__Prompt__
Leave out the pictures and output exactly the lines below from the one with "یک لیوان دمنوش نعناع را می بینید" down to the one with "Men's Sneakers Geox Beige", both of them included.

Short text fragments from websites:
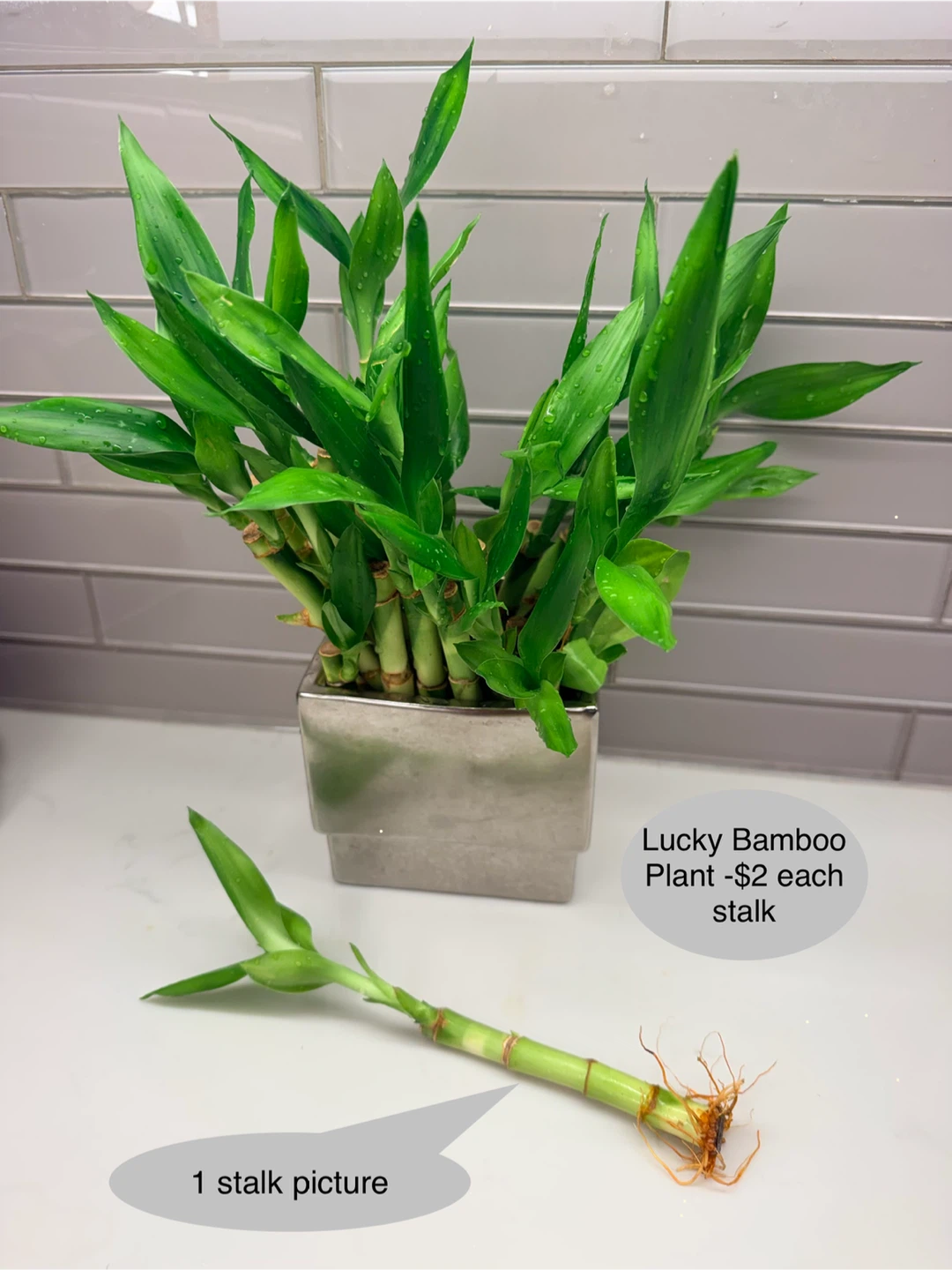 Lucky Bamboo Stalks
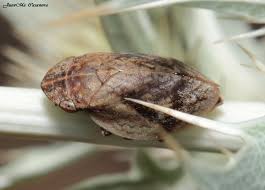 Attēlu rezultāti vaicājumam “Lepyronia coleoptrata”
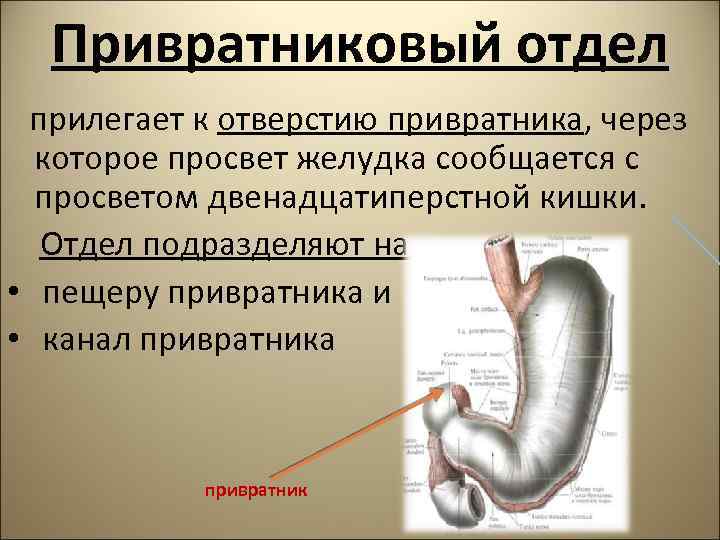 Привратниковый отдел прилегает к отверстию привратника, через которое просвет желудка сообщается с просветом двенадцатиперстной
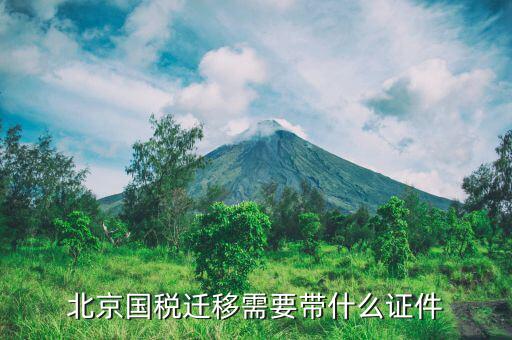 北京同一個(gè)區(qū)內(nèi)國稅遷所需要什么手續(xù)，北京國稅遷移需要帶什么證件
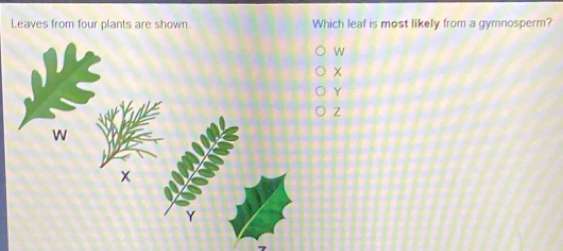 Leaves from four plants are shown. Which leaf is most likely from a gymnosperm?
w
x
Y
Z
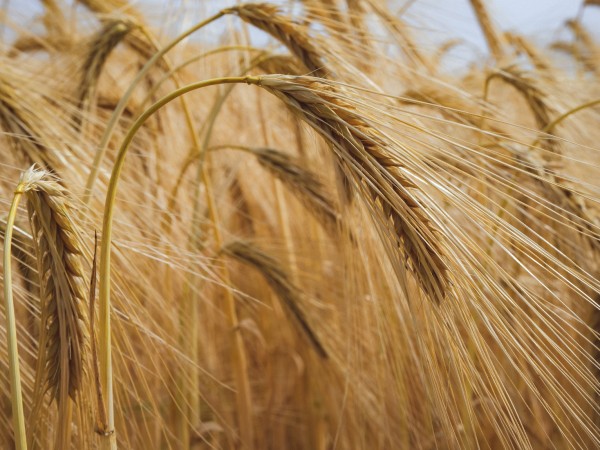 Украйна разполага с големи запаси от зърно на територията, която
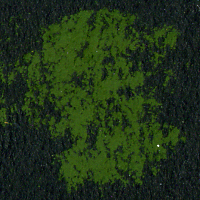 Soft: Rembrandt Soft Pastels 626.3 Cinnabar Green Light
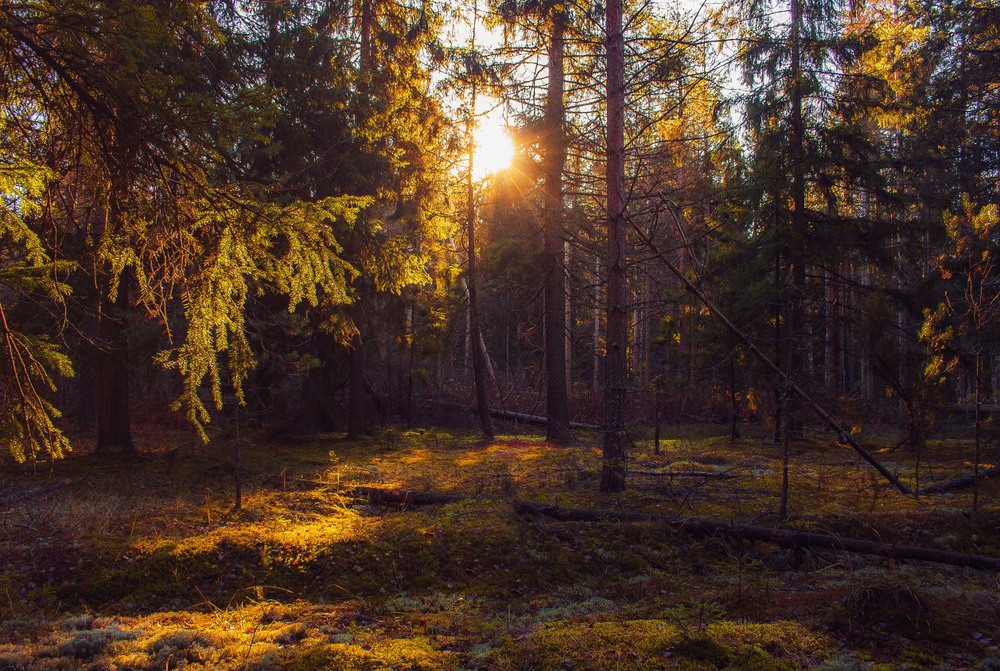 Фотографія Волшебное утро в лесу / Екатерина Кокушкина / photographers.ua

---

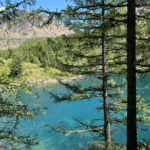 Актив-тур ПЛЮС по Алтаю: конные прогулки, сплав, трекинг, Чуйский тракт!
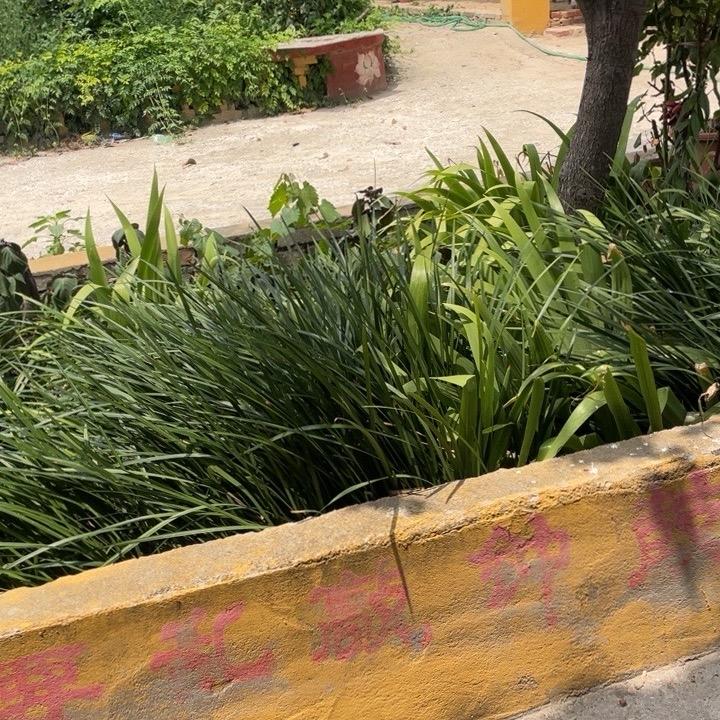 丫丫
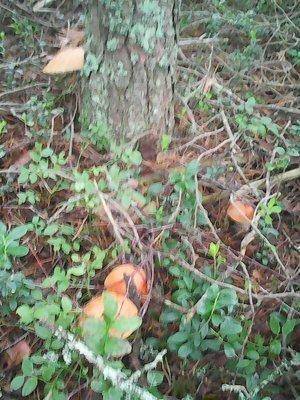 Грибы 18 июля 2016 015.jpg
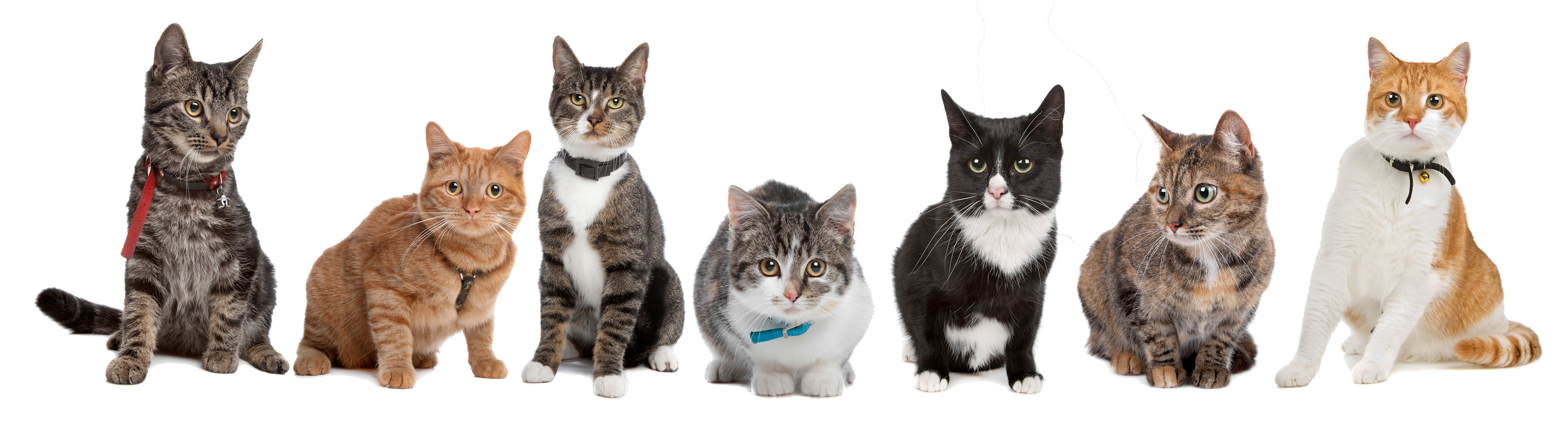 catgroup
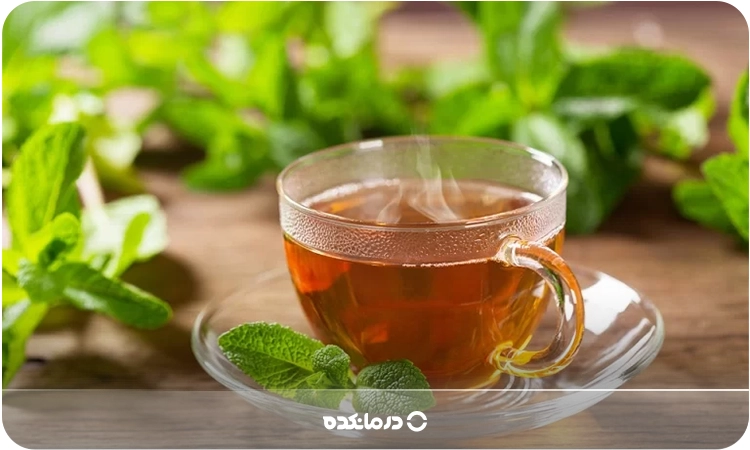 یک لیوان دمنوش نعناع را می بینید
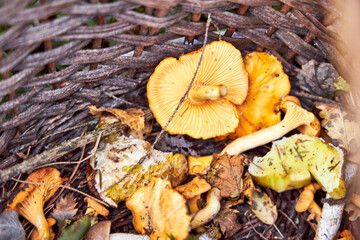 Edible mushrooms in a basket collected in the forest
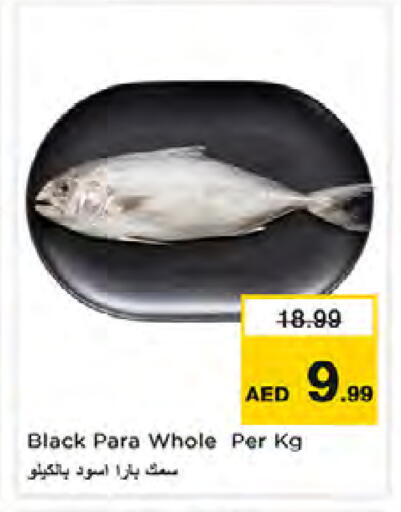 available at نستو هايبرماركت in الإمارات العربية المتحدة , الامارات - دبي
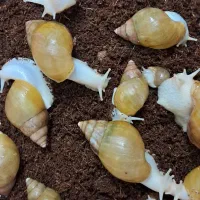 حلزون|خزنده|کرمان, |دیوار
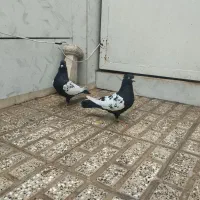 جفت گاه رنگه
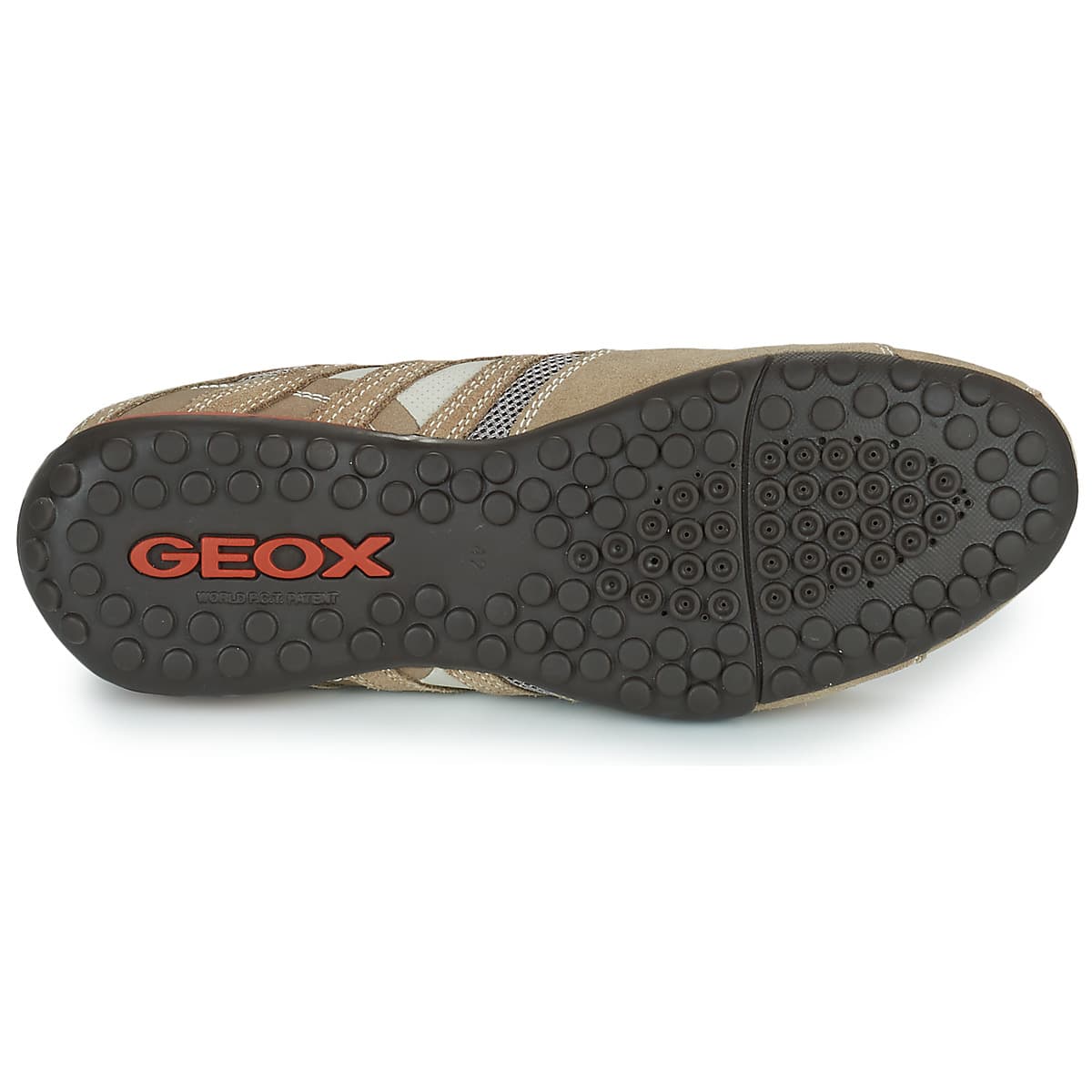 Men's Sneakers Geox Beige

__Written solution__
 یک لیوان دمنوش نعناع را می بینید
 Edible mushrooms in a basket collected in the forest
 available at نستو هايبرماركت in الإمارات العربية المتحدة , الامارات - دبي
 حلزون|خزنده|کرمان, |دیوار
 جفت گاه رنگه
 Men's Sneakers Geox Beige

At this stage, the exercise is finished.